Who Will Glitter at Center Guilds' Fashion Show?

So much to do, so little time. "I started working out this morning at 3:30 a.m.!" joked a breathless Christine Rhoades, preparing to strut her stuff before a panel of judges at the Orange County Performing Arts Center on Wednesday morning. "I can't believe I'm up and out this early!"

Looking super-slim in a black and sizzle-pink knit by St. John, Rhoades--daughter of new Center Chairman William Lyon--was among 100 women who auditioned for the chance to model in the Guilds' fashion show, set for Sept. 18 at the Center.

"I thought it would be a good way to take the day off!" teased Rhoades, pacing in a holding room with lanky Donna Bunce, who had also slipped into a slinky St. John for the tryouts (wearing a knit dress was a prerequisite--all the better for judges to examine each would-be mannequin's silhouette.) Besides being a member of the Mozart chapter of the Guilds, Rhoades is incoming president of the Center Stars, a busy-busy support group.

The judges--who included the fashion show's producer/director Carlton Burnett and Kitty Leslie, fashion coordinator for Newport Center Fashion Island--furiously scribbled notes at a small table as the women waltzed by.

"We're looking for a sense of style," said Leslie, looking like a super-model herself in crisp black linen walking shorts and matching jacket. "That's a big stage." (Indeed. When the show is presented, the models will parade before a 3,000-strong crowd in Segerstrom Hall.)

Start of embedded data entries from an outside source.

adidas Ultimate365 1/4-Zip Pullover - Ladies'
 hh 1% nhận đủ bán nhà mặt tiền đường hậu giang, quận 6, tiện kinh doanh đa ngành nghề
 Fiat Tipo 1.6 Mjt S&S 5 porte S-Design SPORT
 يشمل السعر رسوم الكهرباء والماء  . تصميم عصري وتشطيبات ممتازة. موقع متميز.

"Some people have it, and some don't," Leslie continued, with a wave of her pencil. "It's a confidence, a knowing how to put it all together."

Can a person fake it? Absolutely, Leslie said. Some of the most extraordinary models can seem plain and simple until they summon up their oomph-power. "I'll never forget a top model I knew coming up to me in a restaurant (as herself) to say hello," Leslie said. "I didn't recognize her. When they go on stage, they put on their glamour role the same way they've put on their makeup."

Burnett, known in local circles for the fashion extravaganza he annually stages for the Huntington Harbour Cancer League, said he was looking for women who had the potential "to make it happen."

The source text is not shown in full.